After the film ended and Bob and I continued our debate as to why John Wayne grabbed his arm at the end of the film, we hit the sack – ready for the next leg of our adventure that would take us further into the heart of Arizona.

The road trip will continue at the Grand Canyon

11 Responses to “Monument Valley”

  1. Why *did* John Wayne grab his arm at the end of the film?

    Peter

  2. He couldn’t think of anything better to grab.

    Brad

  3. Great pics! The Searchers is one of my favorites.

    Tim Bash

  4. Cool! and I like Susie!

    Jamie

  5. It might be…it could be…it is! Holy Cow! He did it for good ole Harry Carey.

    Dave Chasteen

  6. That’s the common notion (and Bob’s)… but I believe there is a lot more to it. Where did his brother’s wife Martha last touch him before she died?

    Brad

  7. I suppose it is possible that it might also symbolize Martha’s loving touch upon his forearm as he left. But considering that the audience doesn’t really know that it is Ethan’s brother and his family that are about to die, and it was nearly a decade later when Ethan made the gesture in the doorway, it is a bit of a stretch for my mind. Had he intended the link between the two, I believe John Ford would have called a bit more attention to the touch during the earlier scene so that the audience could recall it later.

    Whether Wayne conspired with Ford on the closing shot of the film, or it was completely improvised by the actor himself is still open for debate. So, like Bob, I tend to favor the legend….

    Dave Chasteen

  8. I have also heard that Wayne’s arm grab was meant to convey his life of loneliness, which Wayne said that he interpreted from Harry Carey’s arm grab. So while perhaps inspired by Carey, it was not so much meant as a tribute.
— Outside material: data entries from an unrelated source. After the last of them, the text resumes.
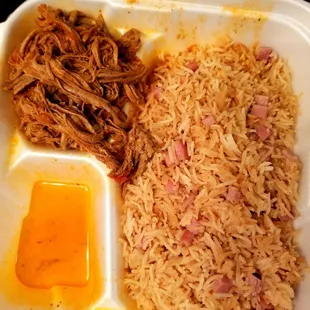 Ropa Vieja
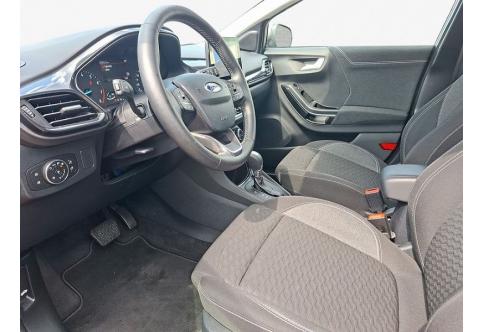 Ford Puma #7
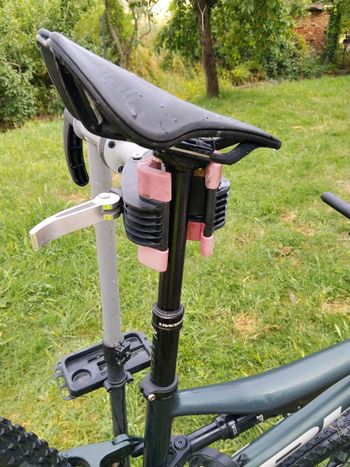 Used BH LYNX RACE CARBON RC 6.0 2022 2022 Mountainbike — image 8 of 13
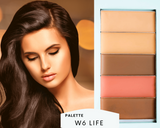 All-in-1 Teen Palette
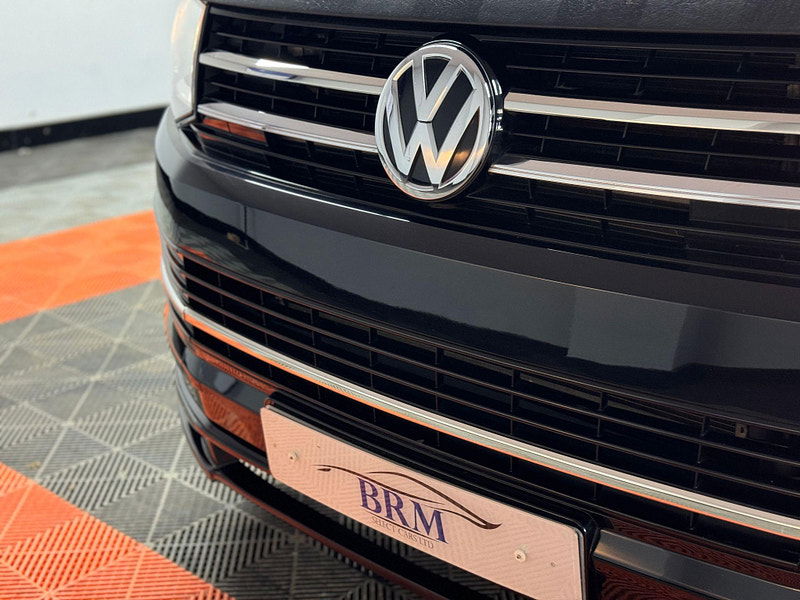 Volkswagen Transporter 2.0 BiTDI T30 BlueMotion Tech Highline FWD LWB Euro 6 (s/s) 5dr 5dr Manual 2025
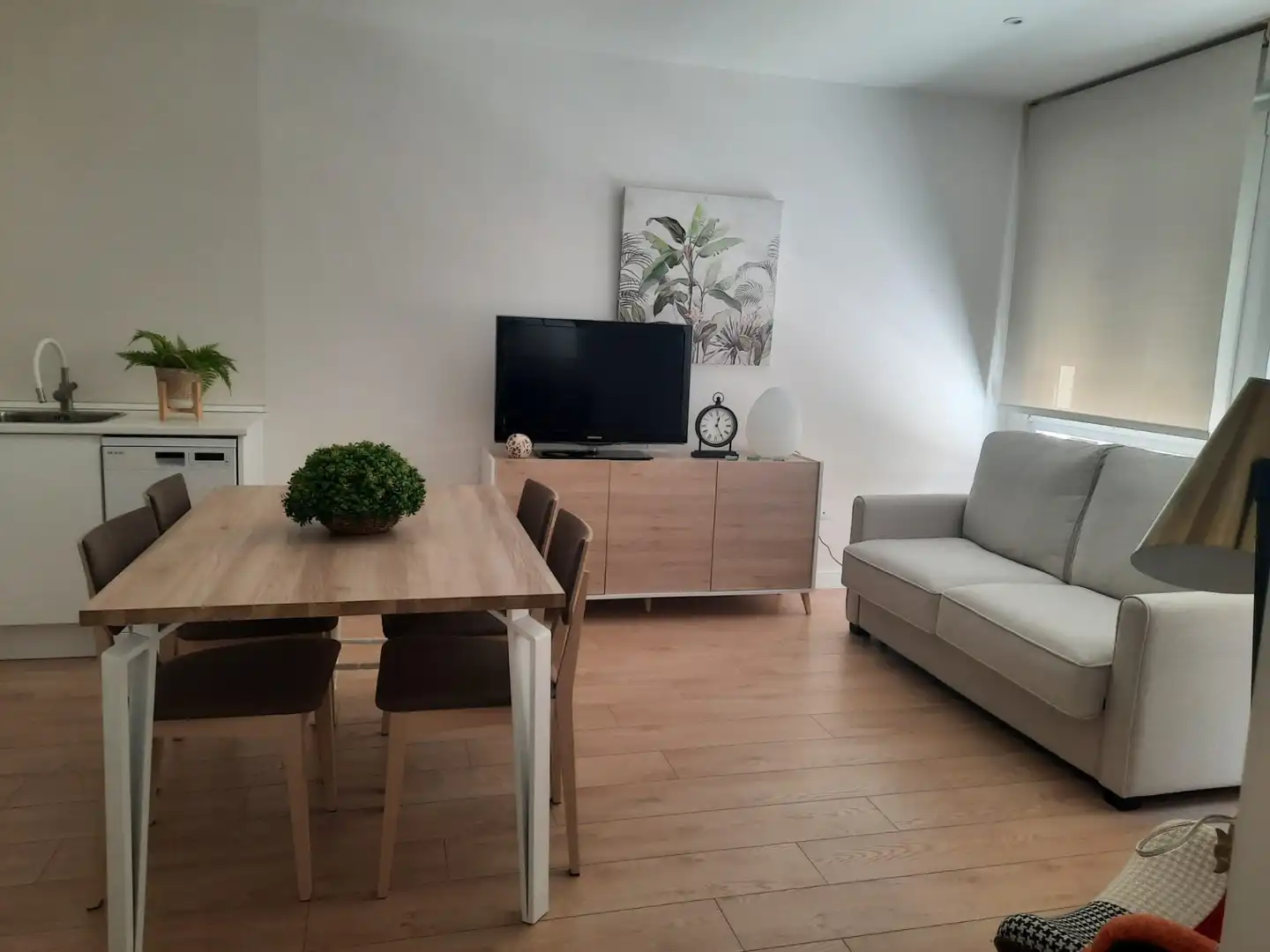 Pis de 50 m² a Badajoz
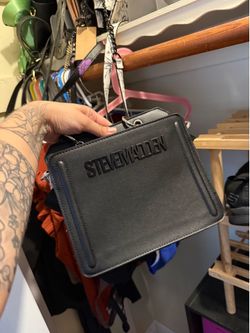Steve Madden purse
    But as far as Ford calling attention to Martha touching him on the arm early in the film, I don’t think that Ford drew much attention to ANY of the hidden backstory of the The Searchers. We don’t know what kind of relationship Ethan had with Martha, whether Martin was truly his son, or what drove Ethan’s vengeance for nearly a decade. I have to think that it was his love of Martha, and in that regard, the arm touch was the culmination of not only his revenge, but the rescue of Martha’s daughter and her restoration to an American family life.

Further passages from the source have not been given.